From The Pastor's Desk:
I am continuing from last week’s letter when I began to take a look at Vatican Council II, 61 years later. As a part of our Eucharistic Revival, the parish council has looked over and we have quietly changed a few areas in our celebration of the mass. This week I am giving some of the directives from the Council found in the Constitution on the Sacred Liturgy. As a side note, when I was in graduate school at St. Meinrad School of Theology we were told it takes a 100 years for a council’s decrees to truly be implemented. We still have close to 40 years on that type of time line and we can see people in the church pushing back against the documents especially in the area of liturgical worship.
The Constitution on the Sacred Liturgy, was approved almost unanimously by the Second Ecumenical Council of the Vatican and was promulgated in solemn session on December 4, 1963. The Roman Missal which we now use at the altar, was a result of the Council. It took a little over 50 years for the revisions and translation into English to be accepted by the Commission on Liturgy at the Vatican. During those years we had a number of books called Sacramentary as the Commission worked on the Roman Missal translation.

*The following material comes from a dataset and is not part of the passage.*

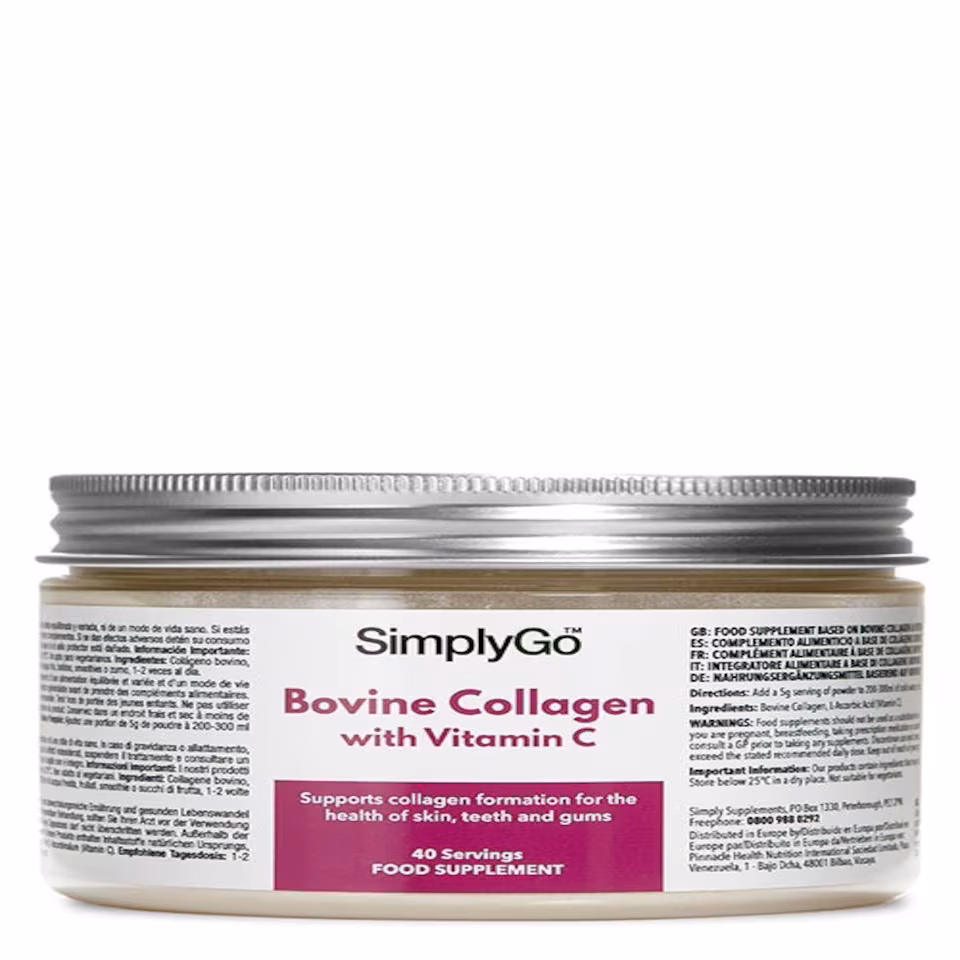 Pure Bovine Collagen Powder with Vitamin C - 200g Powder - 40 Servings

What we now use called the Roman Missal is as close to the Latin translation of the past.
The directives out of the Constitution was to promote, the active participation of the people. The whole of the Constitution on the Sacred Liturgy is not just changing of the liturgical rites, texts and language. Its aim was to foster the formation of the people and that the pastoral activity of the sacred liturgy is the fulfillment of that activity.

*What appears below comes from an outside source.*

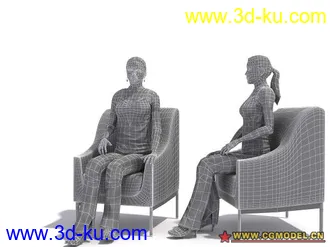 3D打印模型现代人物2的图片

The liturgy, even though it is the center of our Catholic worship, is not the whole of the Church’s activity. As the Constitution states, “great care must be taken that pastoral work be properly linked with it.” To conclude that paragraph, “there are to be close links between liturgy, catechesis, religious instruction and preaching.”
This year beginning this month of June, through June of 2024 of the National Eucharistic revival, we are in the Year of Parish Revival. There are four areas, or four invitations 1) to Reinvigorate our worship, 2) Personal Encounters, 3) Faith Formation and 4) Missionary sending among those in need.
Please welcome our Mission Co-op Priest next weekend.